2017 is the Year of Gabrielle, the iconic founder of Chanel, and what better than to celebrate it with the launch of Gabrielle, perfumer Olivier Polge’s first fragrance since joining the French house in September 2013. It has been 15 years since a brand-new Chanel fragrance launch and we are excited to welcome Gabrielle into our perfume wardrobe.

A floral bouquet of orange blossom, jasmine, ylang ylang and tuberose make up the Gabrielle EDP

Like most Chanel scents, Gabrielle is a dominantly floral scent. Drawing inspiration from the flowers used throughout the history of Chanel’s fragrances, Polge rearranged the sequence of the flowers to create a floral bouquet that consists of only white flowers such as orange blossom, jasmine, ylang ylang and tuberose, and described the scent as “shimmery” and “luminous”.

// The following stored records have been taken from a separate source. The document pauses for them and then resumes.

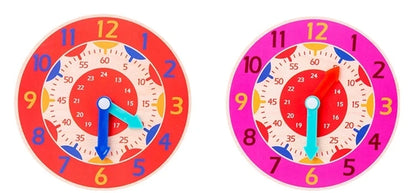 Kids Montessori Wooden Clock Toys Hour Minute Second Cognition Time Learning Teaching Aids Educational Toys for Children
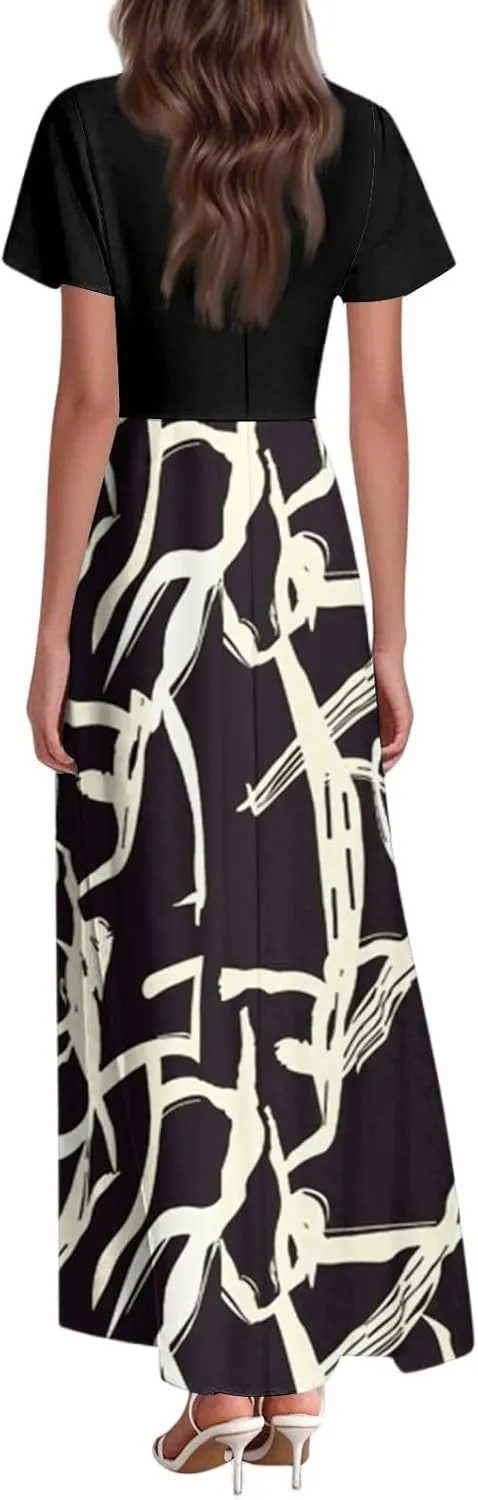 4th of July Dress for Women 2025 Summer Floral V Neck Wrap Short Sleeve Beach Sundress Flowy Elegant Casual Maxi Dresses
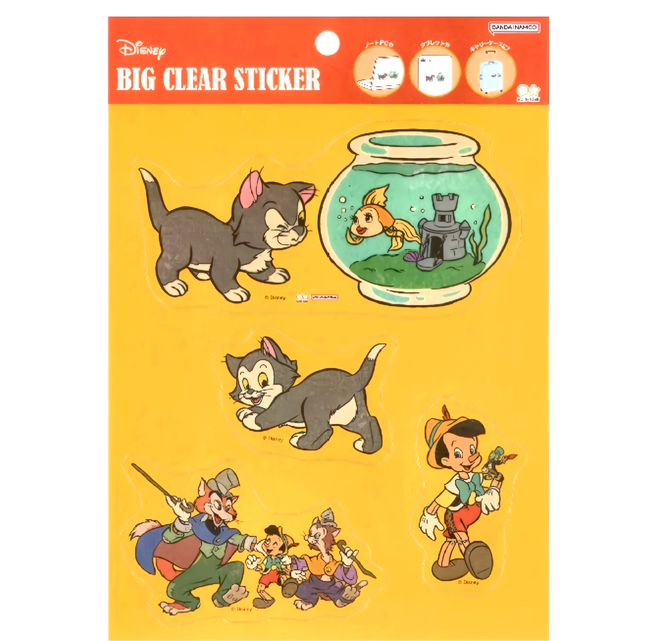 sun-star Disney 透明貼紙套組 PVC塑膠材質 適用於筆電手機行李箱外殼裝飾 每款內含4-5種不同樣式, 木偶奇遇記 多色, 1包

Olivier Polge and Sylvie Legastelois

Olivier Polge and Sylvie Legastelois, head of packaging and graphic design at Chanel, share their experiences and inspirations in an interview below:

What were your sources of inspiration? Were you specifically inspired by an object?

Gold and vermeil toiletries case given to Gabrielle Chanel by the Duke of Westminster; embroidery created by Maison Lesage for Haute Couture Autumn/Winter ’14

Sylvie Legastelois: From the start of this creative idea, we were inspired by the subtle shades of certain lamés and tweeds interlaced with golden and silver thread. The box offered by Duke of Westminster, and all the creations that are as beautiful on the inside as they are on the outside, also inspired us for the interior of the folding carton. Mademoiselle said, “luxury is what you don’t see.” This luminous gold conveys all the richness of the solar and floral fragrance.

How did you come about choosing the colours for the bottle?
SL: The solar quality of the fragrance was my inspiration for the indefinable colour of the cap, the label, and the sleeve. It is neither gold nor silver, like a lamé. I wanted something simple, solar, luminous, but not a flashy gold.

For a house with such an illustrious heritage, what is the process that goes into designing a new bottle?
SL:
It’s not something that is done haphazardly. The creation of a new bottle at Chanel reflects a statement and a new message. It is a general rule that the bottles do not encroach on the personality of any of our existing lines. So, a new fragrance must find its place within the family.

Why develop a luminous floral, and could you tell us which ingredients make the fragrance luminous?
Olivier Polge: The fragrance is composed of flowers that are recurrent in Chanel fragrances, but their arrangement is new and makes room for more luminous tones—something I feel is a stronger reflection of our time.

What are the main raw ingredients and where are they sourced from?
OP: Each year, we select batches of raw materials of exceptional quality. The orange blossom is primarily from Tunisia, while the jasmine is mainly Egyptian and the ylang ylang is from the Comoros (with special fractions specific to Chanel). The tuberose is grown in the fields of Grasse.

In what way is this a fragrance for the rebel at heart?
OP:
It seems to me a rebel at heart would have a strong and determined personality, something I’ve always associated with white flowers.

Do you think that Mademoiselle Chanel would have liked this fragrance?
OP: I chose ingredients often used in the fragrances she created, particularly jasmine, ylang ylang, and orange blossom. So I imagine there is something about this fragrance that remains true to the House. I dare hope she would have liked it.